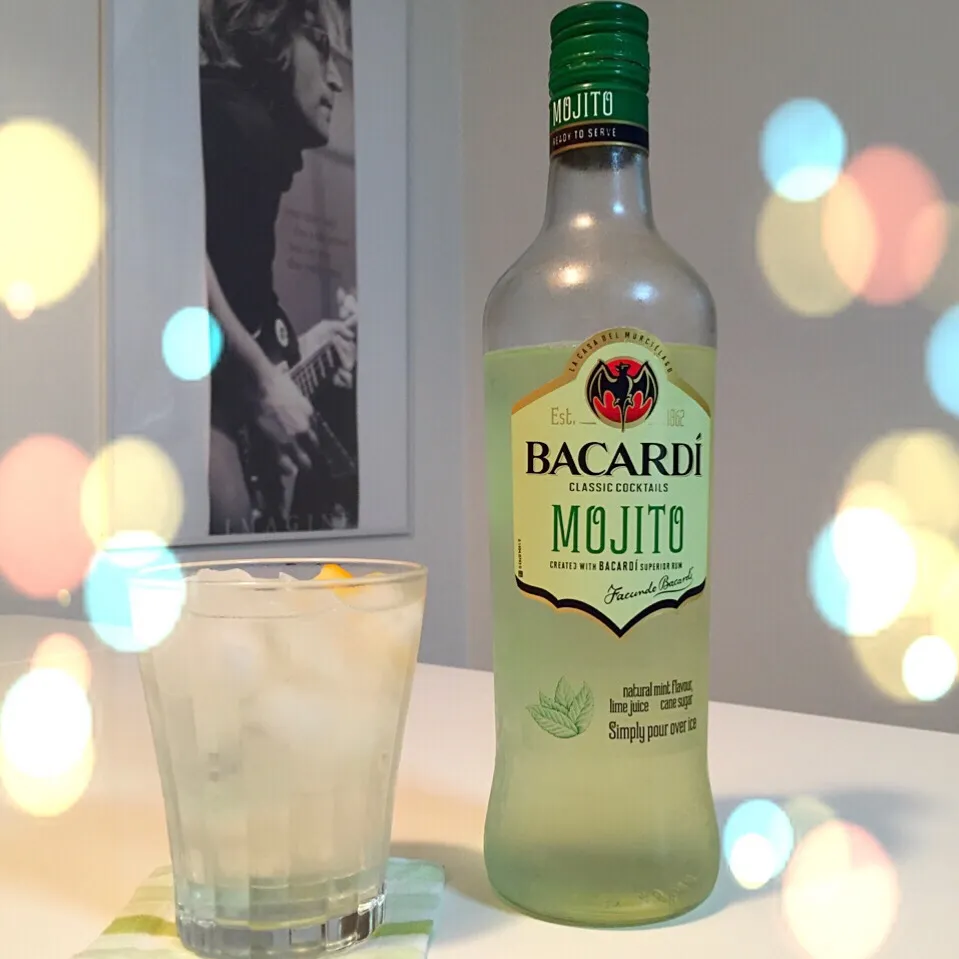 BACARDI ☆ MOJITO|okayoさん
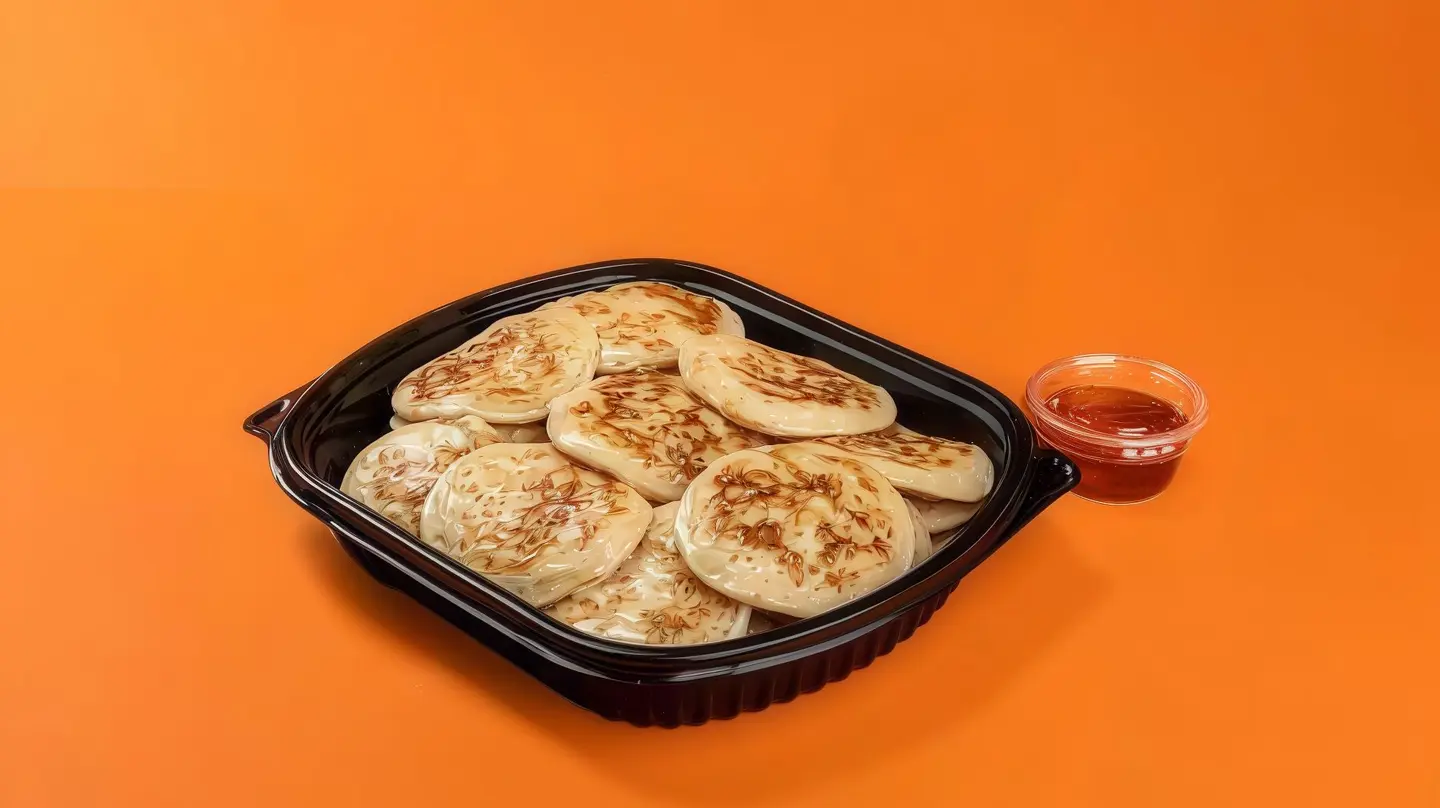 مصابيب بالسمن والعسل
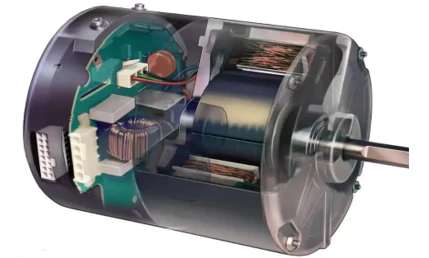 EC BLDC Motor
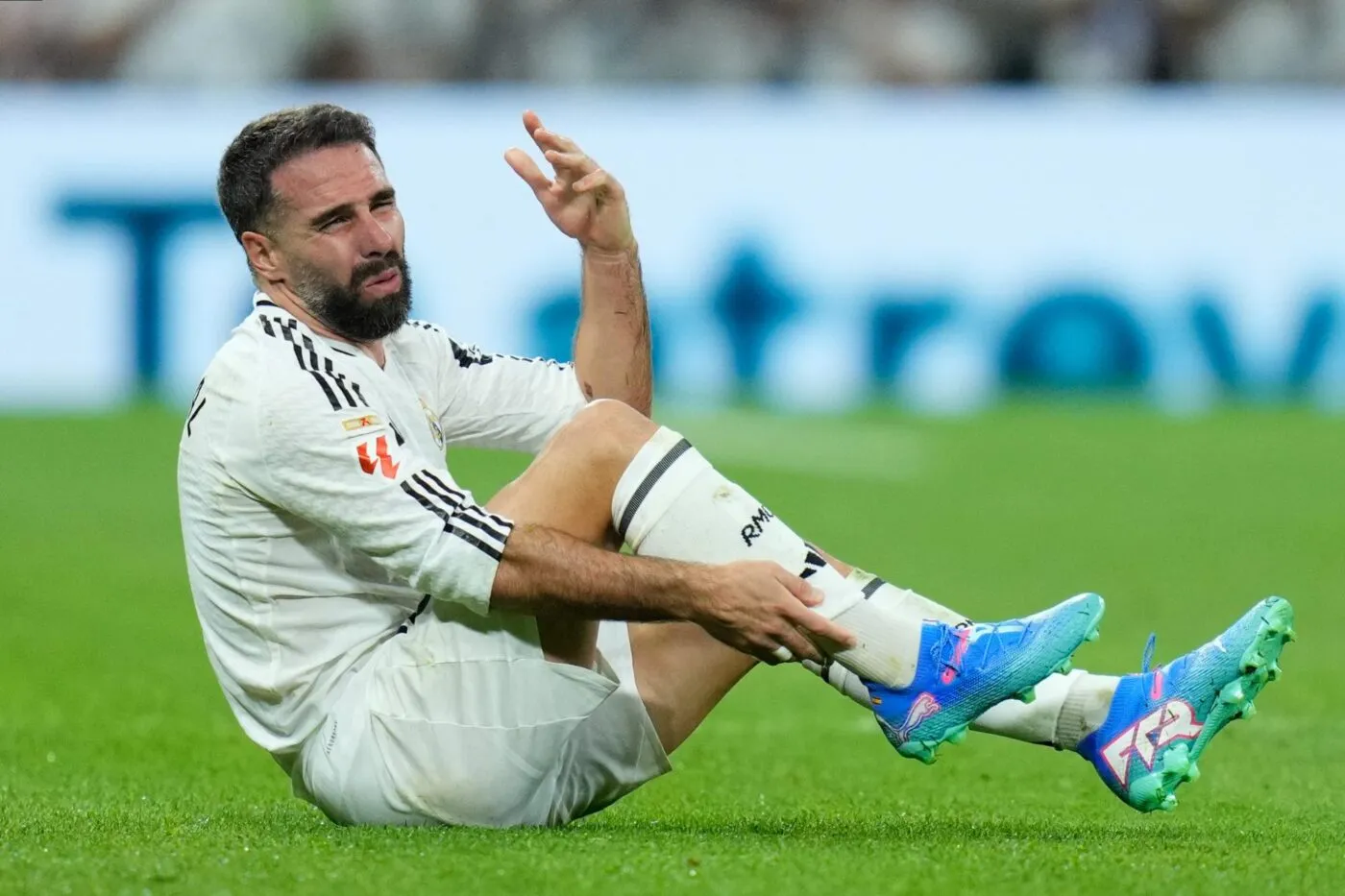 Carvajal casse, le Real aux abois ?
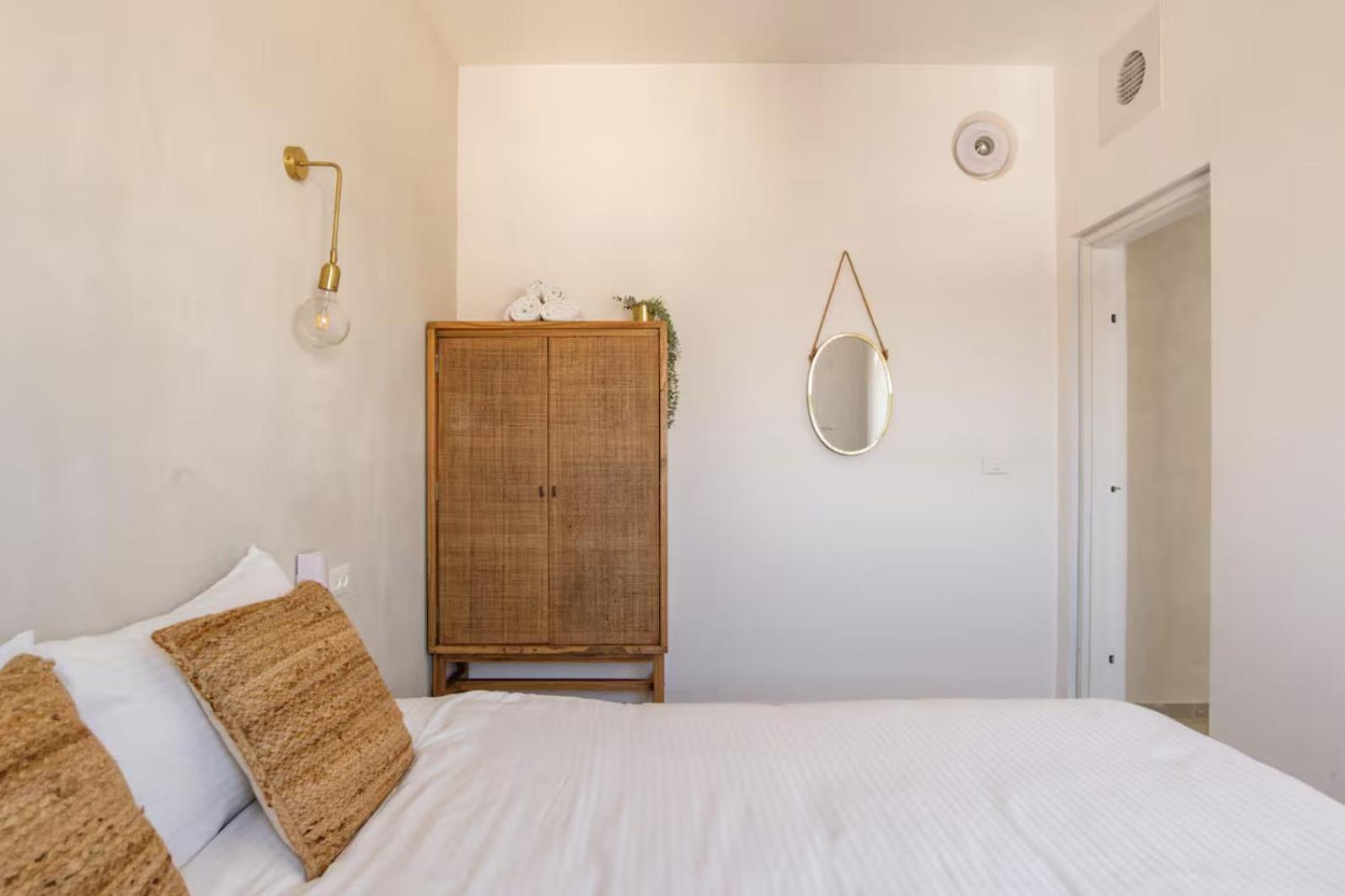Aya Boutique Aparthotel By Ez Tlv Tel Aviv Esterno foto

━━━━

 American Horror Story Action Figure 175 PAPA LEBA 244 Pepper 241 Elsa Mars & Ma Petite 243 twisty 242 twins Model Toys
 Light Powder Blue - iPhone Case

━━━━

Problem: In the data above, find the line containing "BACARDI ☆ MOJITO|okayoさん" and the line containing "Aya Boutique Aparthotel". Repeat those two lines and everything between them exactly, minus the pictures.

Answer to this problem:
 BACARDI ☆ MOJITO|okayoさん
 مصابيب بالسمن والعسل
 EC BLDC Motor
 Carvajal casse, le Real aux abois ?
Aya Boutique Aparthotel By Ez Tlv Tel Aviv Esterno foto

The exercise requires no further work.